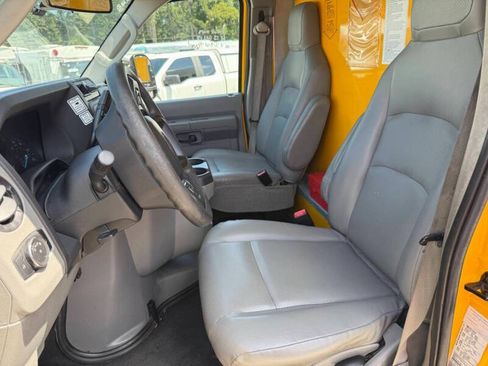 Used 2022 Ford E-350 and Econoline 350 Super Duty RWD image 5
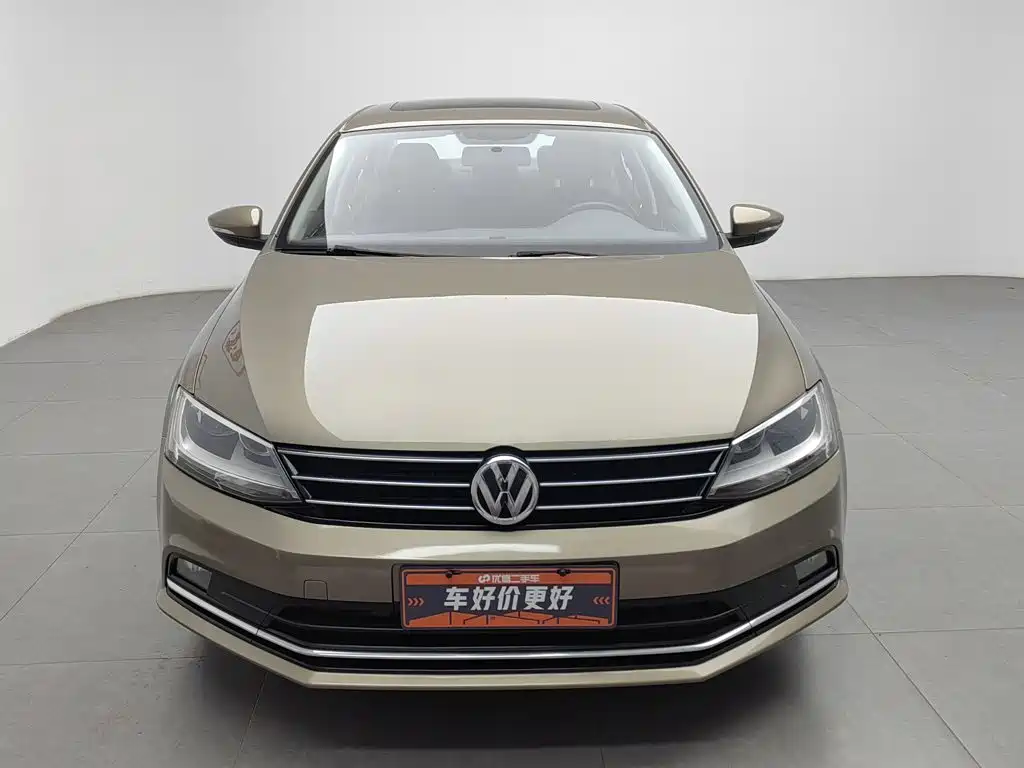 Volkswagen Sagitar 2016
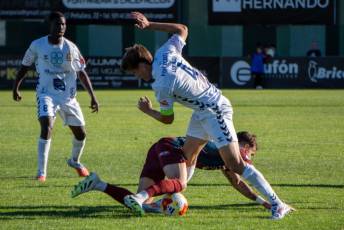 Fotogalería Gimnástica Segoviana vs SD Sarriana 22 Gimnástica Segoviana vs SD Sarriana - Héctor Criado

■ **Task details**
Take the data above and repeat it exactly, leaving each picture out.

■ **Solution below**
 Used 2022 Ford E-350 and Econoline 350 Super Duty RWD image 5
 Volkswagen Sagitar 2016
 Fotogalería Gimnástica Segoviana vs SD Sarriana 22 Gimnástica Segoviana vs SD Sarriana - Héctor Criado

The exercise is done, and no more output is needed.